Friday, August 23, 2013

Banks robbed Americans during bailouts - don’t be fooled again

by Jason Kendall, contributing columnist | June 05, 2013
In between parties, vacations, repealing Obamacare for the 37th time and naming post offices, someone in Congress has an idea. Apparently, the bailouts of the American banking industry did not have the outcome Congress desired. Shocking that the strategy of blindly handing billions of dollars to bankers has yet to do much good for anyone except, of course, bankers.
The Terminating Bailouts for Taxpayer Fairness Act was introduced in the Senate in April, and if it survives from the onslaught of banking lobbyists, the bill may be able to do some good.
The act would require banks with more than $500 billion in assets to keep capital reserves of about 15 percent, about twice the current amount. Simple enough, but if you don't understand the impact of this on big banks, don't worry - just look at their response and you can see the threat this poses.
Before you question the motives of this bill, let's take a look at the 2008 bailout and what the banks have done with your money.
The Emergency Economic Stabilization Act of 2008 gave billions to banks, whether they were financially healthy or not. Secretary of the Treasury Henry Paulson threatened Congress that America would lose more than $5.5 trillion in wealth and the "world economy" would collapse if Wall Street did not get $700 billion. It was such a scary moment that the Senate added another $150 billion - you know, to cover the vig.
Well, what happened?
Let's start with the money loaned to help reduce mortgage deficiencies; this was one of the main justifications for the bailout. Most large banks took bailout money but failed to modify home loans. This is why they are constantly being sued.

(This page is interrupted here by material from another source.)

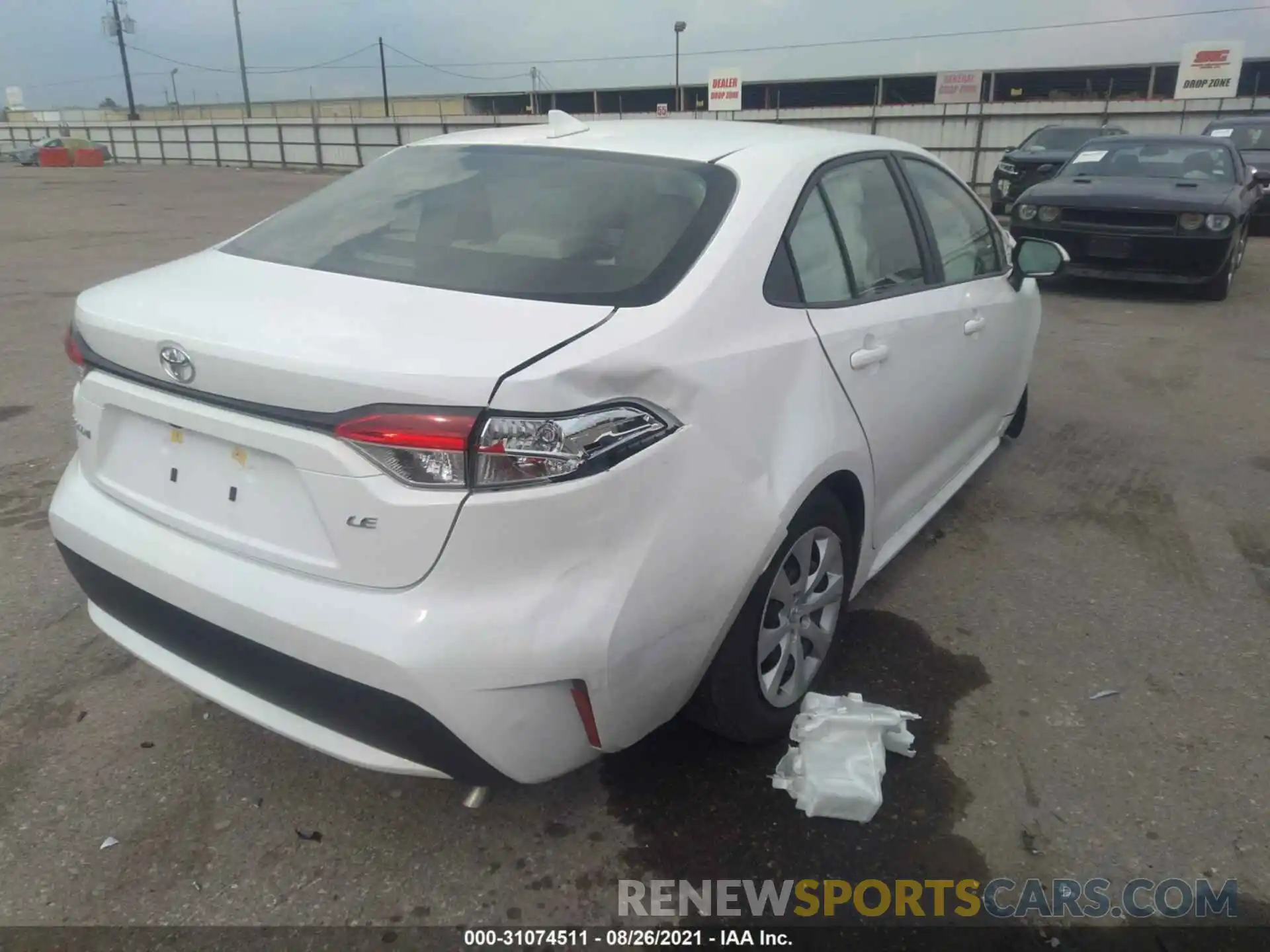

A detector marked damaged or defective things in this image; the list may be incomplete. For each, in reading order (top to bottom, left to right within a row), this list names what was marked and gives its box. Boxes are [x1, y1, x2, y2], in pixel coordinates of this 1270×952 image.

damaged rear quarter panel [492, 154, 878, 751]
crumpled white debris [767, 693, 915, 820]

Next, millions in bailout funds went directly to pay bonuses for bankers. Priceless.
Even more interesting is that your money is probably in the banks of the Federal Reserve. Up until 2008, the money banks had to give to the Fed gained no interest. The money was there to help stabilize banks. By not charging interest, banks would invest any access money, over what they had to put into the Fed, into the marketplace. Now that the Fed is paying interest, why would they invest that money elsewhere? Before the 2008 bailout, only about $2 billion was held in the reserve - now there is more than $1.6 trillion earning $5 billion in interest yearly.
The Fed printed money, Congress gave it to banks and the banks then returned it to the Fed in order to earn interest on that money.
Lastly, and to lock your children further into debt, in 2010, Congress and the president established the Small Business Lending Fund, loaning community banks $30 billion to invest. What did these banks do? They paid back their TARP loans from the 2008 bailout. The banks were given taxpayer money to loan but the money was instead used to pay back loans that the taxpayers had originally loaned them. They were bailed out of their bailout.
Former President George W. Bush said, "Fool me once, shame on - shame on you. Fool me - you can't get fooled again." The saying goes, "Fool me once, shame on you. Fool me twice, shame on me."